● YOUR OBJECTIVE:
Transcribe exactly, please, the lines from the one containing "PS Vita PCH-1000" through the end of the records below, and leave out the pictures.

[Web page caption snippets]

************

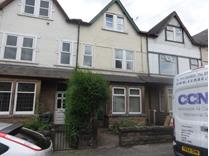6 Bed Terraced House, Healds Road, WF13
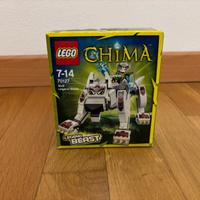 Lego 70127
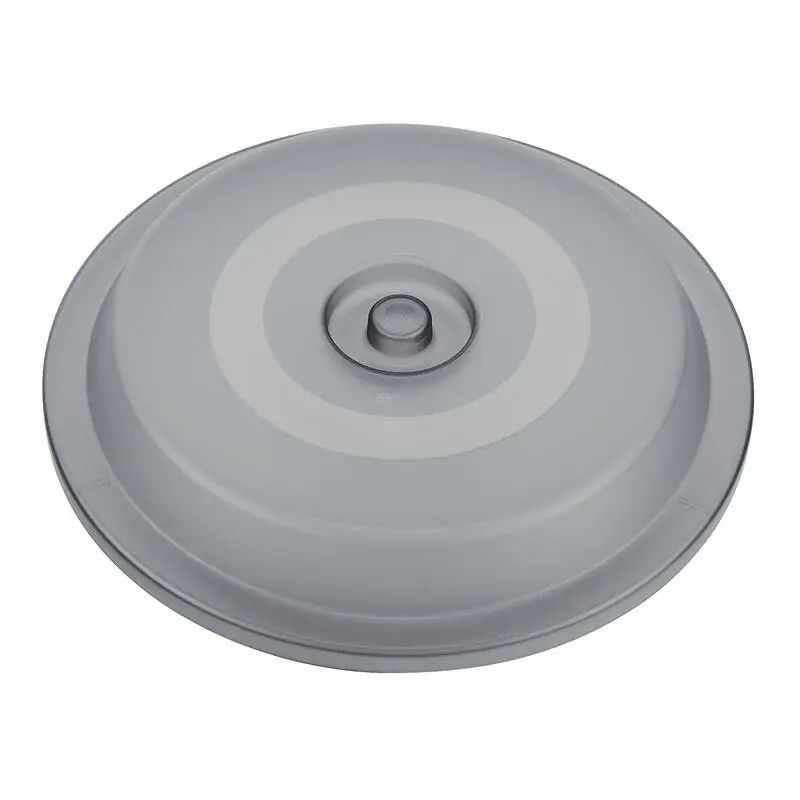 Seltmann Variosystem 145O Deckel FY_TELLER_255_016 grau-transparent Letzte Chance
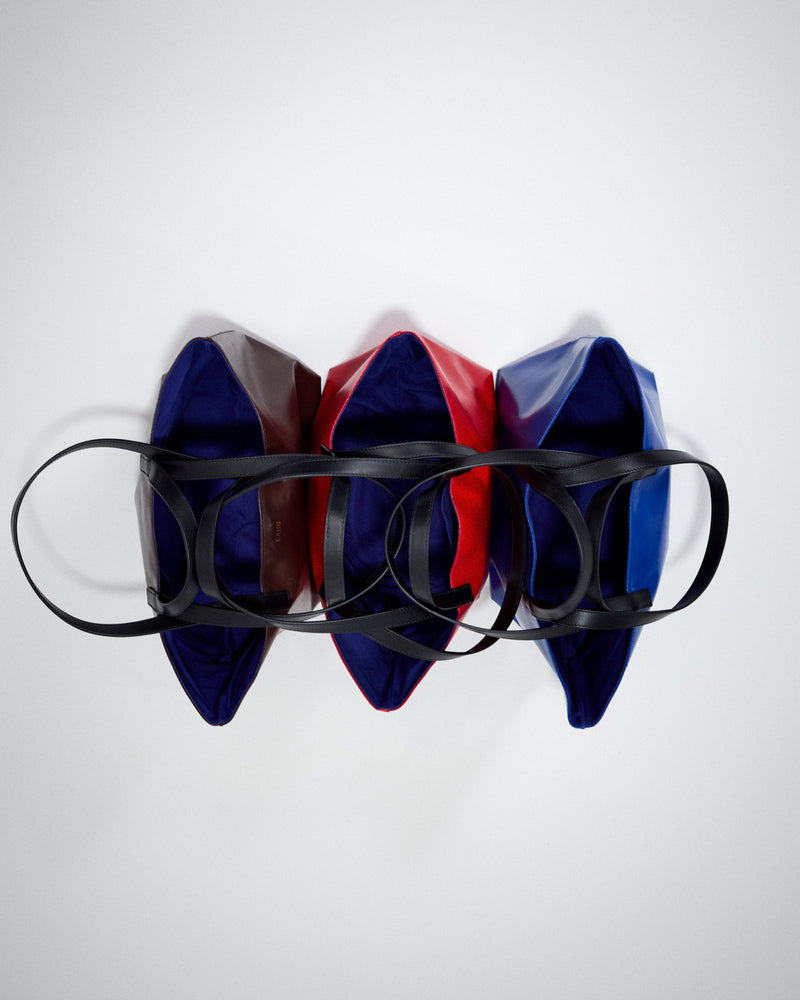 Le Pratique Doublure Bleue - S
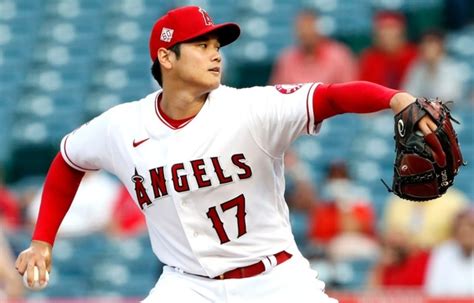 Shohei Ohtani Finds His Killer Instinct Shows The Astros The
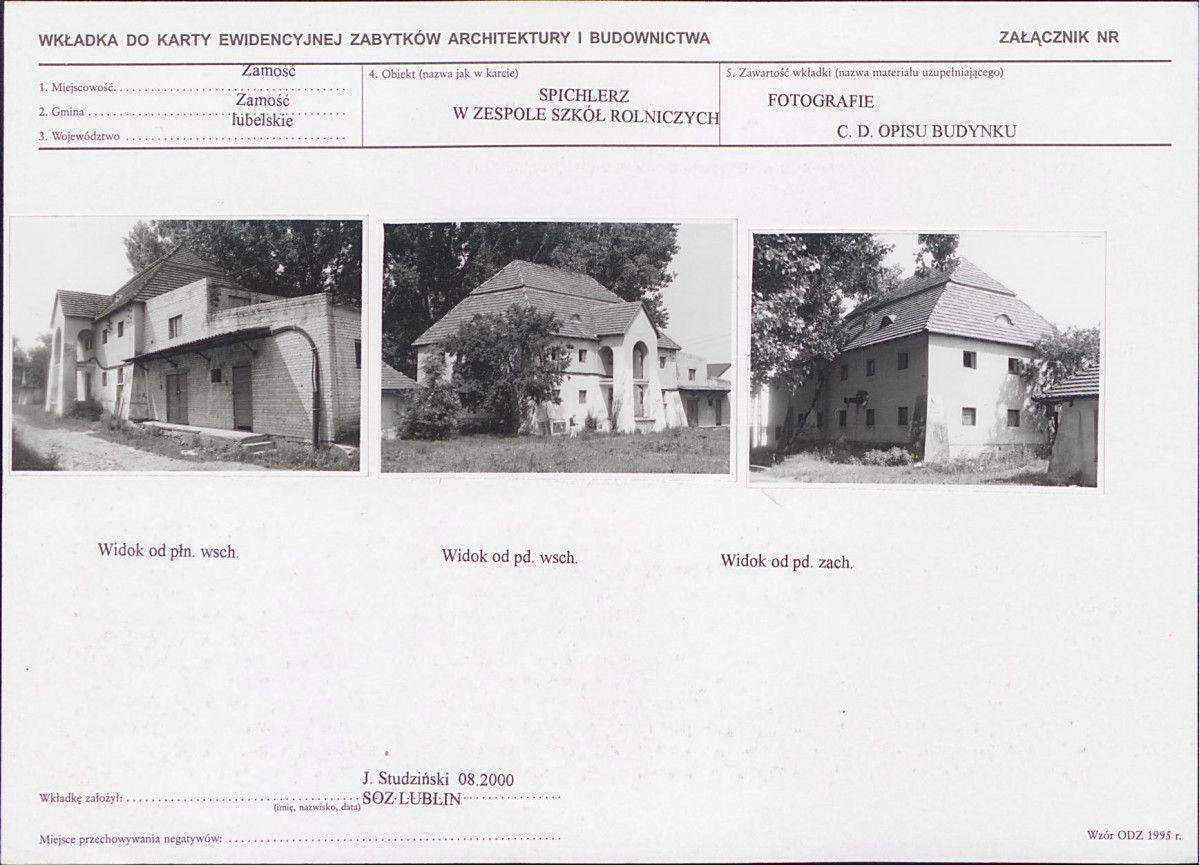 KB - Karta biała, skan nr 5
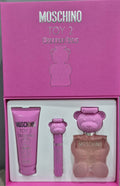 Moschino Toy 2 Bubblegum Set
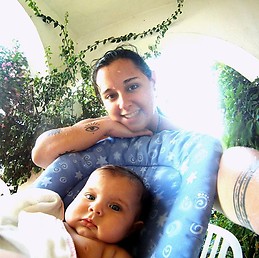 M Madalena Homem DeFigueiredo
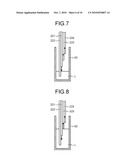 CLEANING DEVICE AND AUTOMATIC ANALYZER diagram and image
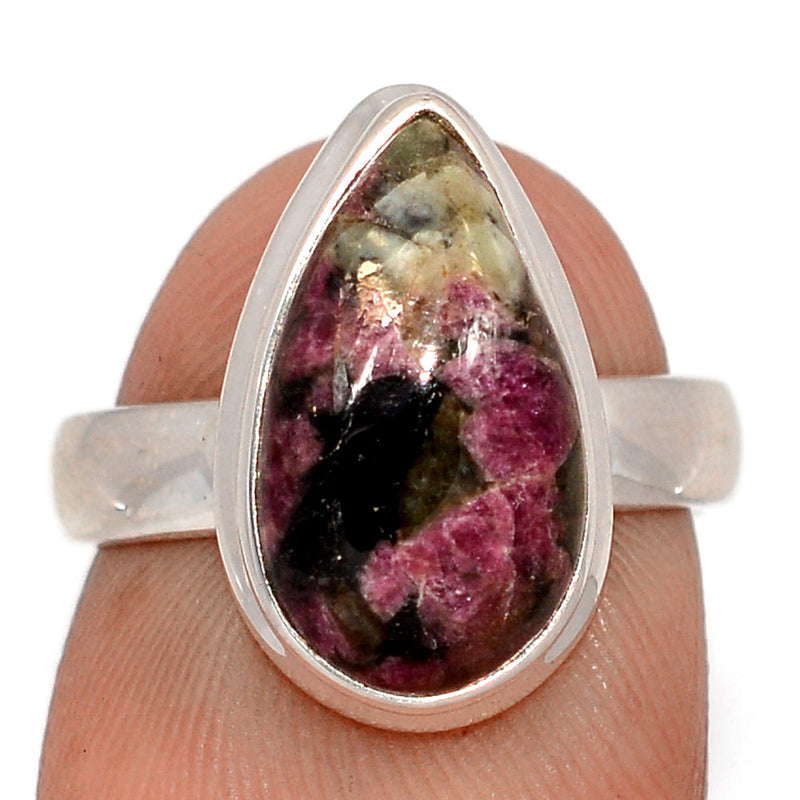 Eudialyte Ring - EDLR766
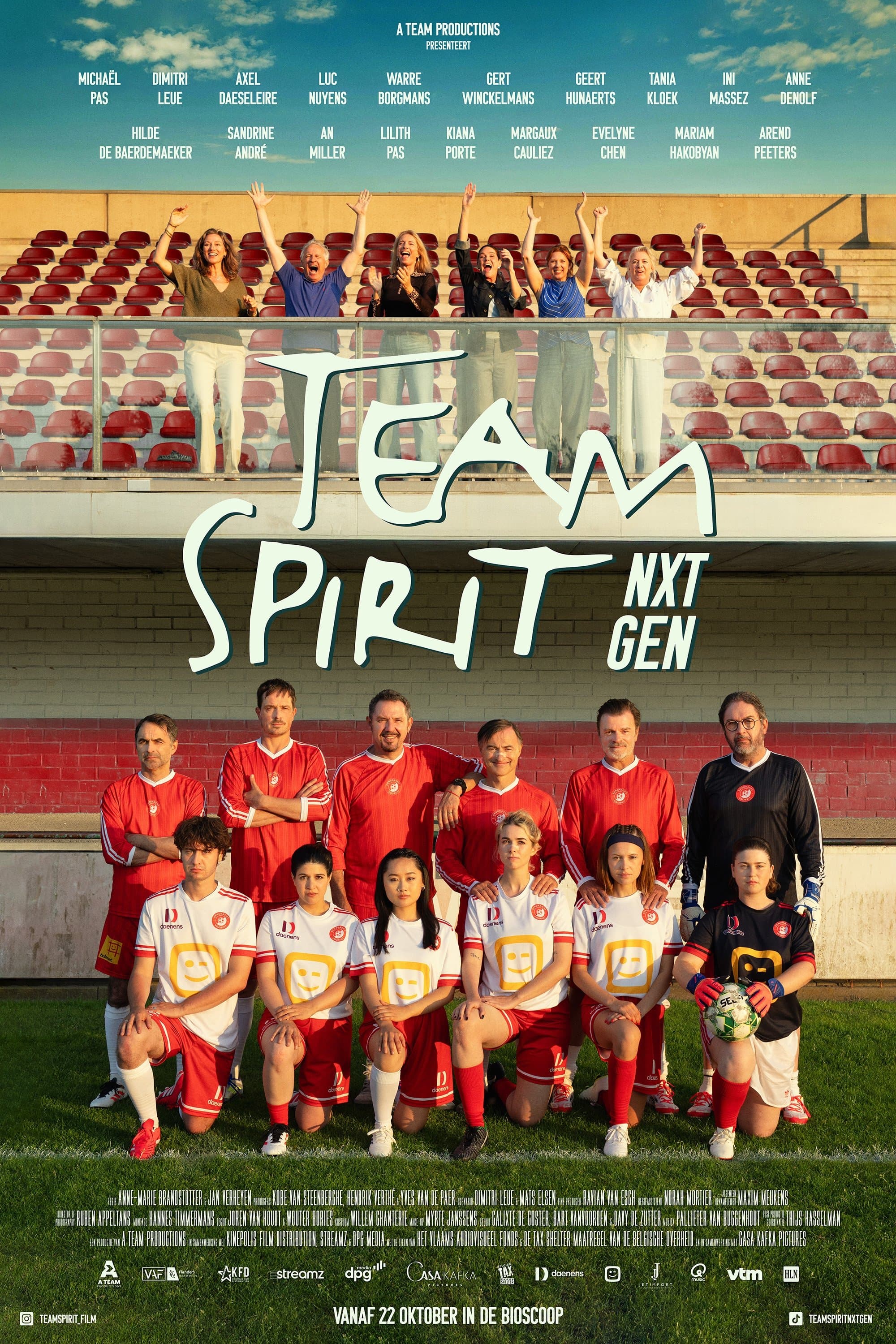 Movie poster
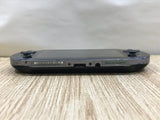 PS Vita PCH-1000 CRYSTAL BLACK Console Japan - With Defects GE1737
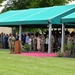 United States Army Southern European Task Force, Africa Change of Command Ceremony, 14 July 2022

************

● PROBLEM SOLUTION:
 PS Vita PCH-1000 CRYSTAL BLACK Console Japan - With Defects GE1737
 United States Army Southern European Task Force, Africa Change of Command Ceremony, 14 July 2022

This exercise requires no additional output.